Homemade Vegetable Bouillon


Homemade Vegetable Buillion1

I get asked this question a lot: Where do you find time to make the made-from-scratch recipes? Who has the time to make everything from scratch? Everyone has different priority in life. Whatever you place your priority, you will find time for it, no matter how busy life gets. My health is my top priority at this moment in time, and so is eating real, unprocessed food. I get extreme high when I discover a made from scratch recipe (things that we think can only comes from the store) that I can conjure up in my own kitchen. Like walnut butter, yogurt, almond milk.. These recipes only takes 15 minutes out of my 1,440 minutes in a day. Besides, who eat sweetened condensed milk by the cans? If you do, please start praying. I’ve not made the condensed milk from scratch twice in the last 2 years.

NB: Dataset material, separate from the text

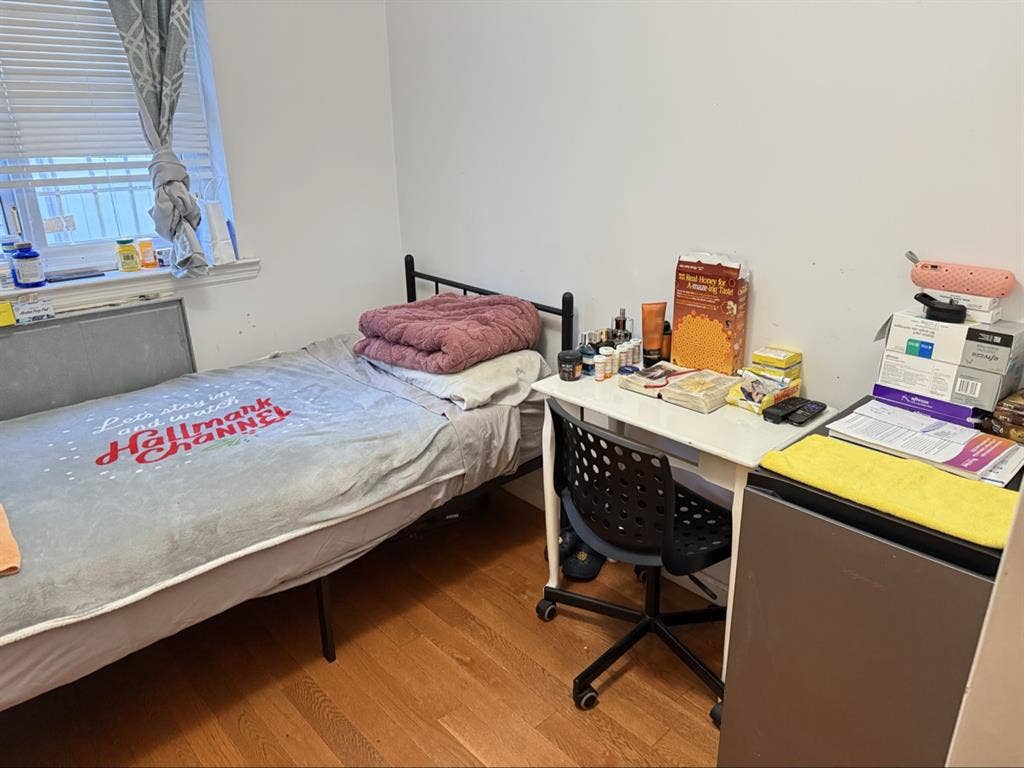 Room for rent in maspethh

I don’t usually use vegetable & chicken stocks in my cooking. If there is a recipe that calls for stock, I’ll just add water. I’m just lazy.. Ok, I’ve declared it in public. I’d rather have my dish turns out to be a bit bland than choking my body with msg-flavour- ladden chicken stock cubes. Once in a while, I do make some like this chinese chicken stock. When I come across this simple vegetable bouillon recipe, I just have to experiment.

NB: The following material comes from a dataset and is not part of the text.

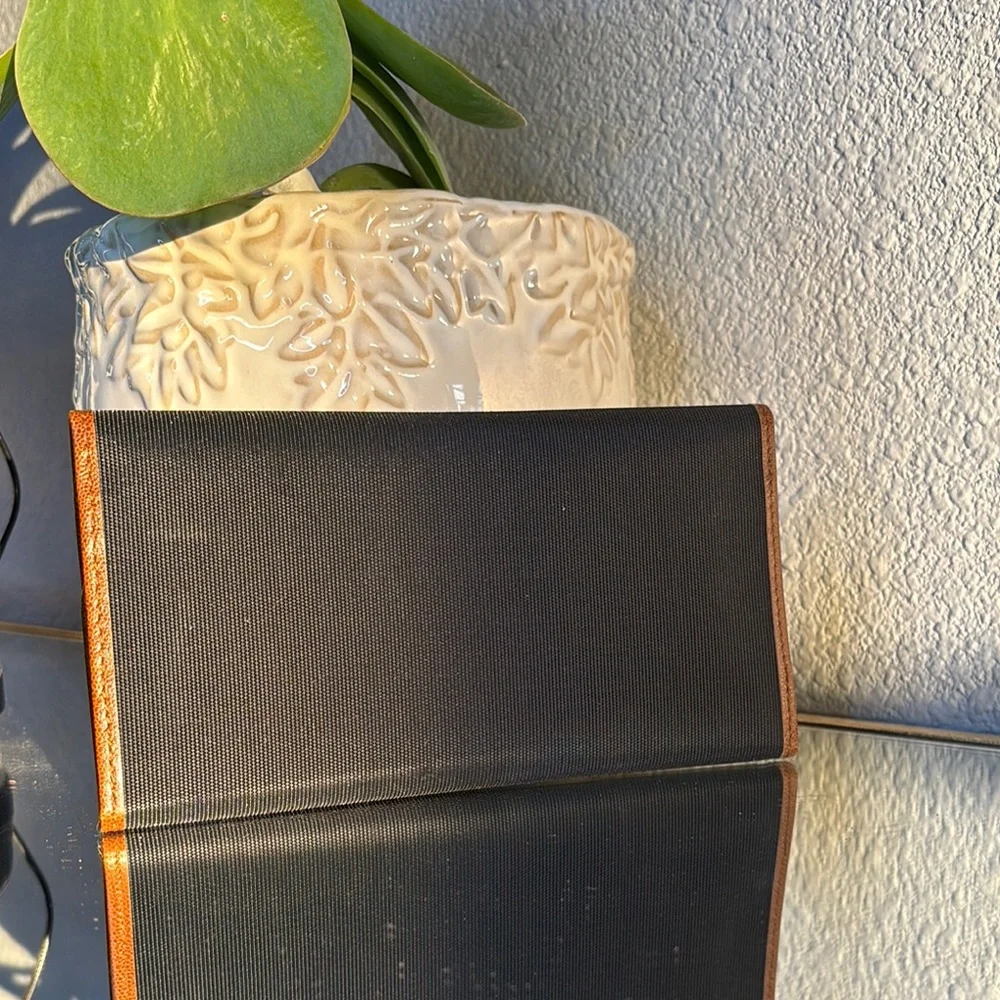 Pola Elegant Black and‎ Brown Wallet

A bouillon cube is a dehydrated cube or powder used to create an instant vegetable stock. This wet bouillon paste is more like a soup mix, to make quick flavorful broth for soups and risottos. As mine turn out to be chunky bouillon (my food processor doesn’t grind finely enough), it’s not suitable for clear soups as the chunky bits will be floating around. A good processor should be able to make them into paste. It’s suitable for soups that will be blended/pureed like mushroom or pumpkin soup. It doesn’t matter that mine was chunky bits as it was all finely pureed in the soup. You can also use the same ingredients as for your usual vegetable stock. Even though I’m not a coriander lover, the addition of herbs give the stock a burst of flavours. The original recipe uses a whole load of salt, which I was rather shocked. I halved it, I’d rather add in more salt during cooking if needed.

Homemade Vegetable Buillion

My 2nd experiment was making the bouillon powder by dehydrating the ingredients then grinding them finely. I prefer the powder version but I totally forgot to take any photos.. oh well.. if I ever get in the mood to make it again (most probably next year), I’ll post the recipe. Till then, enjoy this version.

4.5 from 2 reviews
Homemade Bouillon
Prep time
Total time
Recipe type: Made From Scratch
Serves: 2 cups
  • 2 ounces / 55g Leeks - sliced
  • 3 ounces / 85g Fennel Bulb - roughly chopped
  • 3 ounces / 85g Carrot - roughly chopped
  • 2 ounces / 55g Celery - roughly chopped
  • 2 ounces / 55g Celery root (Celeriac) - roughly chopped
  • ½ ounce / 10g Sun-Dried Tomatoes soaked in oil - roughly chopped
  • 2 ounces / 55g Shallots
  • 2 medium Garlic Cloves
  • 2.5 ounces / 70g fine grain sea salt
  • 1 ounces / 20g Parsley - roughly chopped
  • 1 ounces / 20g Coriander - roughly chopped
  1. Place all the ingredients (except parsley & coriander) in your food processor and pulse about twenty times. Add salt, parsley and cilantro, pulse some more. (Divide into 2 batches if your processor cannot fit all ingredients. You may need to scrap the chopped vegetables to mix the herbs, so they get chopped)
  2. You should end up with a moist, loose paste. Keep ½ of it in a jar in the refrigerator for easy access in the coming days, and freeze the remaining ½ for use in the next month. Because of all the salt it barely solidifies making it easy to spoon directly from the freezer into the pot before boiling.
  3. Start by using 1 teaspoon of bouillon per 100ml, and adjust from there based on your personal preference.